Limited storage stability severely restricts the biological control potential of slug-parasitic nematodes. In a series of experiments, we evaluated the effects of temperature and osmotic desiccation on the short- and long-term survival of the slug-parasitic nematode Phasmarhabditis hermaphrodita. Nematode survival in petri dishes at 1,500 infective juveniles/ml did not differ significantly at 5, 10, and 15 C but declined rapidly at 25 and 30 C. At 25 C about 50% of the nematodes survived for 4 wk, but at 30 C no nematode survived past 1 day. About 50% of the nematodes survived for 32 wk at 20 C. About 35-40% of the nematodes survived up to a year at 5, 10, and 15 C. Phasmarhabditis hermaphrodita showed poor survival under osmotic desiccation in glycerol with 15 and 20% glycerol significantly reducing survival at 5 and 15 C. Although the nematodes tolerated 10% glycerol, this level of desiccation also did not enhance long-term survival at either 5 or 15 C. There was a significant decrease in nematode survival in 10% glycerol at 25 C during the first 2-3 wk, but about 16% of the nematodes survived for 6 wk in 10% glycerol as compared with only 1% survival in water. The greatest benefit of osmotic desiccation in glycerol was observed in the enhanced survival of P. hermaphrodita at temperature extremes. Over 96% of the nematodes survived a 6-hr exposure to 35 C in 10% glycerol, whereas only 9% survived in water.
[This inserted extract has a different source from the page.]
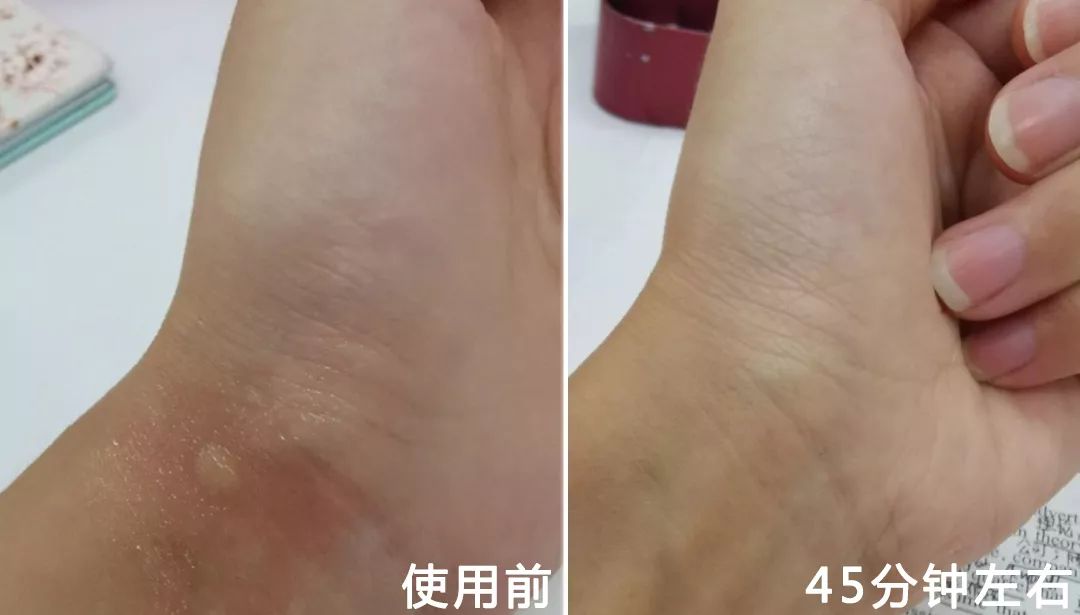 教你2分钟快速止痒,一小瓶止痒的药膏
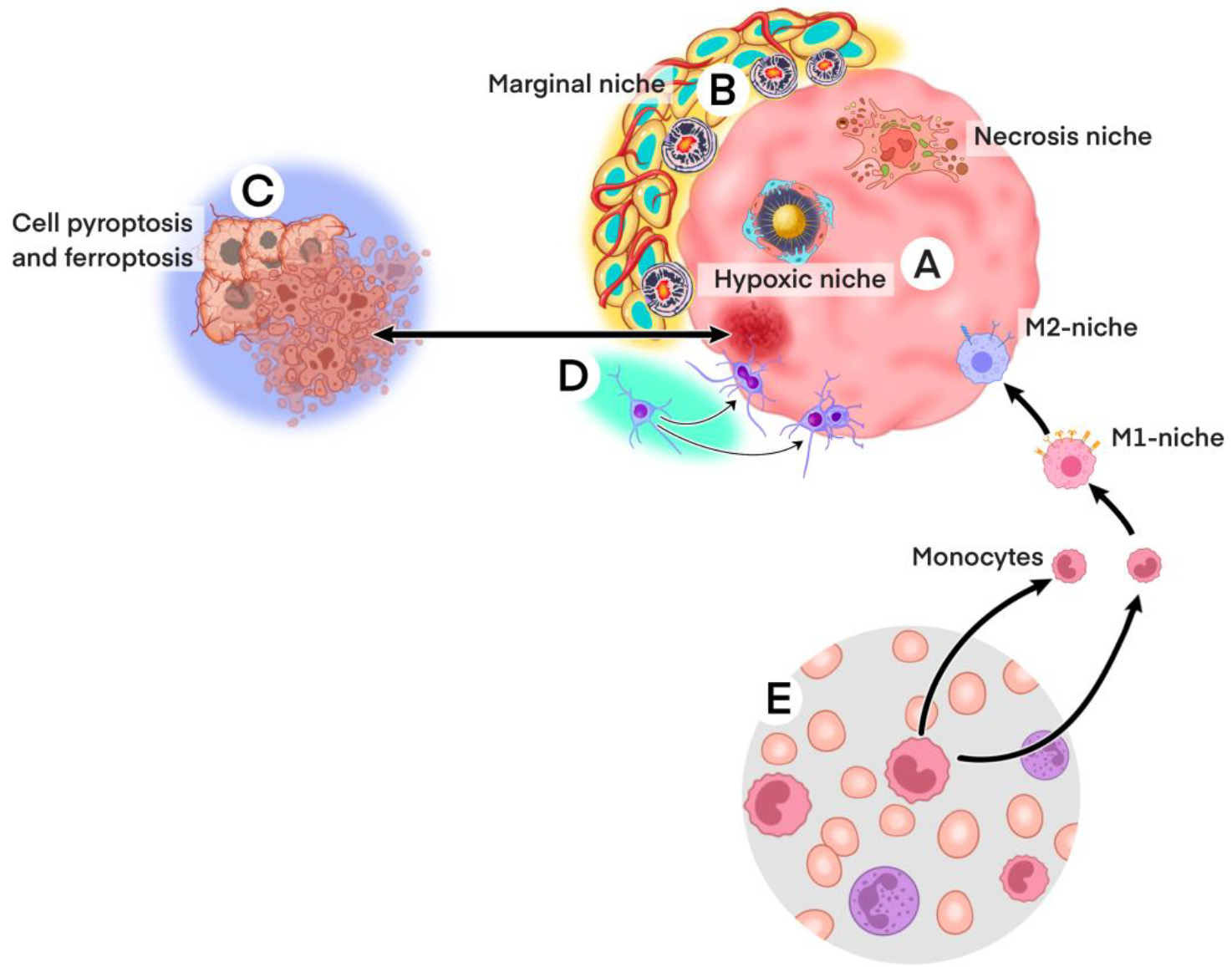 Schematic diagram of GSCs and immune-related mechanisms: A. Tumor entities, including the hypoxic niche and cell necrosis niches caused by tumor cell pyroptosis and ferroptosis and the macrophage niche, involved in adaptive immunity in the tumor microenvironment. B. The jagged and vague tumor periphery mediates tumor cell invasion and dissemination and marginal ecological niches are colonized here. C. Inflammatory necrotic cells located in the tumor necrosis zone caused by pyroptosis and ferroptosis. D. Hippocampus-subependymal neural stem cell niche: Maintenance and expansion of hippocampal- and subventricular-derived neural stem cells follow both symmetric and asymmetric disaggregation patterns to maintain homeostasis of glial-associated downstream cells in normal brain tissue, which in the case of GBM are largely replaced by the associated tumor stem cell niche. At this point, tumor cells may reverse-differentiate into GSCs.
Similarly, over 90% of the nematodes survived an exposure to -20 C for 4 hr in 10% glycerol, but less then 2% survived in water. We conclude that 5-15 C is an optimum temperature range for the storage of P. hermaphrodita. We also conclude that osmotic desiccation in 10% glycerol can substantially increase survival of P. hermaphrodita at temperature extremes (35 and -20 C) for short periods but has no effect on nematode longevity at the optimum temperature range of 5-15 C.